• What to work on: Your response should match the records line for line.
========
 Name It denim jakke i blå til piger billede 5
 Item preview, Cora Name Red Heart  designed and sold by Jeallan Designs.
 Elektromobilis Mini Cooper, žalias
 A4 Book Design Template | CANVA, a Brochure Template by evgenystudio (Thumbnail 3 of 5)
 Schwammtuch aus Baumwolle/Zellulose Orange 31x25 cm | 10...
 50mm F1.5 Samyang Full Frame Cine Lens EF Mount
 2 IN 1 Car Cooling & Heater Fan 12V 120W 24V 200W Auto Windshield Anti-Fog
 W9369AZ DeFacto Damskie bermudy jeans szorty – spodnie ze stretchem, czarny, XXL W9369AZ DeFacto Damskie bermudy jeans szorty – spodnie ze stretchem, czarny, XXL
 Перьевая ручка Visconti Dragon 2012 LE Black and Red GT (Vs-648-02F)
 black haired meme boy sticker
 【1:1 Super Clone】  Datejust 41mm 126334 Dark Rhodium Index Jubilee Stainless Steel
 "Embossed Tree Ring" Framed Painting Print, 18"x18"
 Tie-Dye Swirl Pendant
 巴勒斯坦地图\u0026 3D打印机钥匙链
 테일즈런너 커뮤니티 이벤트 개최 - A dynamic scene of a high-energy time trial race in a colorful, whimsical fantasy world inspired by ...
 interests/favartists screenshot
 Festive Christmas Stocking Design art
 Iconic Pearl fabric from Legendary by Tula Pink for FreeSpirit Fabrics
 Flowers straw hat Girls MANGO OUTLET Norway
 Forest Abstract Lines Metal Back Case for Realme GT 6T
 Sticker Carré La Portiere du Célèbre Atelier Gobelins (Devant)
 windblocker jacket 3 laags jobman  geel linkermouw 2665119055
========
• Solution for this problem:
 Name It denim jakke i blå til piger billede 5
 Item preview, Cora Name Red Heart  designed and sold by Jeallan Designs.
 Elektromobilis Mini Cooper, žalias
 A4 Book Design Template | CANVA, a Brochure Template by evgenystudio (Thumbnail 3 of 5)
 Schwammtuch aus Baumwolle/Zellulose Orange 31x25 cm | 10...
 50mm F1.5 Samyang Full Frame Cine Lens EF Mount
 2 IN 1 Car Cooling & Heater Fan 12V 120W 24V 200W Auto Windshield Anti-Fog
 W9369AZ DeFacto Damskie bermudy jeans szorty – spodnie ze stretchem, czarny, XXL W9369AZ DeFacto Damskie bermudy jeans szorty – spodnie ze stretchem, czarny, XXL
 Перьевая ручка Visconti Dragon 2012 LE Black and Red GT (Vs-648-02F)
 black haired meme boy sticker
 【1:1 Super Clone】  Datejust 41mm 126334 Dark Rhodium Index Jubilee Stainless Steel
 "Embossed Tree Ring" Framed Painting Print, 18"x18"
 Tie-Dye Swirl Pendant
 巴勒斯坦地图\u0026 3D打印机钥匙链
 테일즈런너 커뮤니티 이벤트 개최 - A dynamic scene of a high-energy time trial race in a colorful, whimsical fantasy world inspired by ...
 interests/favartists screenshot
 Festive Christmas Stocking Design art
 Iconic Pearl fabric from Legendary by Tula Pink for FreeSpirit Fabrics
 Flowers straw hat Girls MANGO OUTLET Norway
 Forest Abstract Lines Metal Back Case for Realme GT 6T
 Sticker Carré La Portiere du Célèbre Atelier Gobelins (Devant)
 windblocker jacket 3 laags jobman  geel linkermouw 2665119055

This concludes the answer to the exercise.